Expansion and pathway enrichment analysis provided information on the biological functions of the entities. Network A (downregulated genes) showed the DAN domain family member 5, BMP antagonist (DAND5) as the focal point among the matched entities (Fig. 3). In addition, CYP1A1 and CYP1B1 were also noted to be highlighted in the interaction. Network B (upregulated genes) highlighted the involvement of regulator of G-protein signaling 4 (RGS4), proteasome (prosome, macropain) 26S subunit, non-ATPase, 9 (PSMD9), ubiquitin specific peptidase 9, Y-linked (USP9Y) and dystrophin (DMD).

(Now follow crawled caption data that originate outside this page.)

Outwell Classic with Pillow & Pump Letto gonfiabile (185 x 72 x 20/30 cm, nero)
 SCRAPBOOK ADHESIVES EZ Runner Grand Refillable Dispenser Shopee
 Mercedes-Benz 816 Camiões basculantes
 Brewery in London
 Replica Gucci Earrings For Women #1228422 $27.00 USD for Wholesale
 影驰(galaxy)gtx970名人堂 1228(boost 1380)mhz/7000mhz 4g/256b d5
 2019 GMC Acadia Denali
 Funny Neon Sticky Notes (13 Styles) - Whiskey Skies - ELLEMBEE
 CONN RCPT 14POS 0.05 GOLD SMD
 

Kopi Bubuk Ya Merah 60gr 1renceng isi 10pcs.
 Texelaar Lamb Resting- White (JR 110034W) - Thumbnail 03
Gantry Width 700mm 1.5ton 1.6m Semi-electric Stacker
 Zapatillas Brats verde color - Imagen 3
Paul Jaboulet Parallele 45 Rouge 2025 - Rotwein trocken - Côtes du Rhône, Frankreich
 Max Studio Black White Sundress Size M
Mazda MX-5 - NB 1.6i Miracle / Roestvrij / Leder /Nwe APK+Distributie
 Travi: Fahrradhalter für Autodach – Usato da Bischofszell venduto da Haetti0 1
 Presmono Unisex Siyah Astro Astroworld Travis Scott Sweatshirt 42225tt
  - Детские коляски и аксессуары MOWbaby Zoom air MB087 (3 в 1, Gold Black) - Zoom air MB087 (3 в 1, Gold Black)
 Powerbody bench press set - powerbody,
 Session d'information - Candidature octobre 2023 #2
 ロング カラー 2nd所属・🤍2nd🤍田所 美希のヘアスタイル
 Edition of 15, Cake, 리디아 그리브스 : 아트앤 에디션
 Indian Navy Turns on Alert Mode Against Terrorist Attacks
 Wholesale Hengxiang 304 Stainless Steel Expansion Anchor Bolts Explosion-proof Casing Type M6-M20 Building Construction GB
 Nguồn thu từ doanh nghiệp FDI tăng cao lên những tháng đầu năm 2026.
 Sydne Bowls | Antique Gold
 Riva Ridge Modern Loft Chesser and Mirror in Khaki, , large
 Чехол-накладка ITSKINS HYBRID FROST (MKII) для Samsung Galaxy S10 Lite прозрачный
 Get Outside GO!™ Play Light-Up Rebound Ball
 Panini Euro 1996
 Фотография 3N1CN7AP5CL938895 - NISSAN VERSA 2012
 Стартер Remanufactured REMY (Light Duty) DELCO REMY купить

The efficiency of each primer was determined using the relative standard curve method. The optimal concentration based on the efficiency of the primers was selected for relative quantification (RQ). The ΔΔC_T value of CYP1A1, solute carrier family 7 (anionic amino acid transporter light chain, xc-system), member 11 (SLC7A11) and UGT1A8 showed a downregulation of 43-, 15-, and 11-fold, respectively. However, the ΔΔC_T value of the protein tyrosine phosphatase, receptor type, R (PTPRR) and caveolin 1, caveolae protein, 22 kDa (CAV1) genes showed an upregulation of 2.2- and 1.5-fold, respectively.